Exercise details:
The reply must repeat the listing below exactly and carry none of its pictures.

Supplied data:
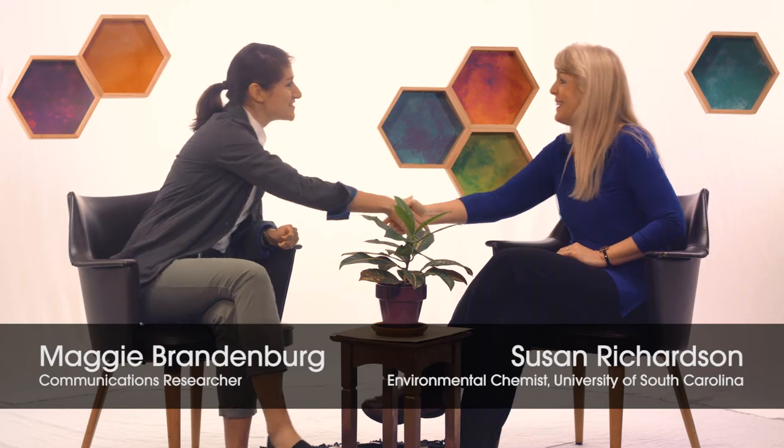Hey, I'm Maggie. Hey, I'm Susan. Susan, very nice to meet you. Thanks for your time today. So what are you doing here at the Mag Lab?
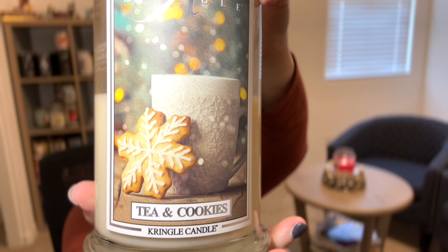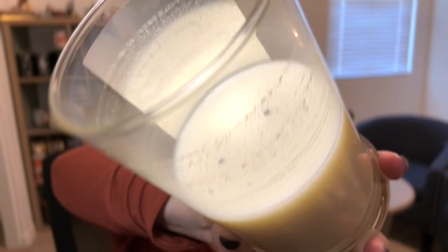Another Kringle candle — Tea and Cookies, a large one I purchased off Mercari for $11 from a seller who had only burned it once. It wasn't her scent, and it wasn't mine either. The scent reminds me of the tea my grandfather from the Middle East used to make — black tea with cardamom and Arabic spices. It's not quite a chai tea to me. I didn't waste it — I cut off the wicks and put it in a candle crock in my living room for three or four days. I wouldn't repurchase.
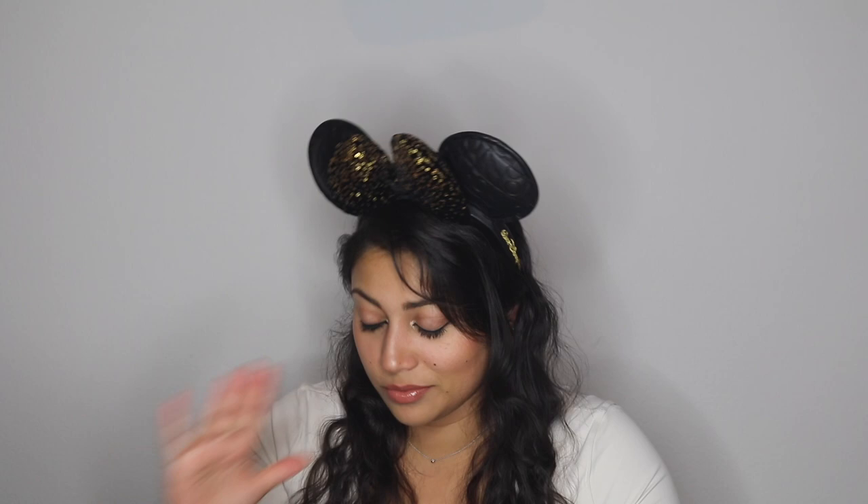Hello my lovelies and welcome back to my channel! Today I have yet another Loungefly haul for you. Guys, this obsession is getting a little bit out of hand and I may have set my eyes on a few more backpacks. But I do have three backpacks to share with you today, so if you're interested just keep on watching.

Reply to the exercise:
Hey, I'm Maggie. Hey, I'm Susan. Susan, very nice to meet you. Thanks for your time today. So what are you doing here at the Mag Lab?
Another Kringle candle — Tea and Cookies, a large one I purchased off Mercari for $11 from a seller who had only burned it once. It wasn't her scent, and it wasn't mine either. The scent reminds me of the tea my grandfather from the Middle East used to make — black tea with cardamom and Arabic spices. It's not quite a chai tea to me. I didn't waste it — I cut off the wicks and put it in a candle crock in my living room for three or four days. I wouldn't repurchase.
Hello my lovelies and welcome back to my channel! Today I have yet another Loungefly haul for you. Guys, this obsession is getting a little bit out of hand and I may have set my eyes on a few more backpacks. But I do have three backpacks to share with you today, so if you're interested just keep on watching.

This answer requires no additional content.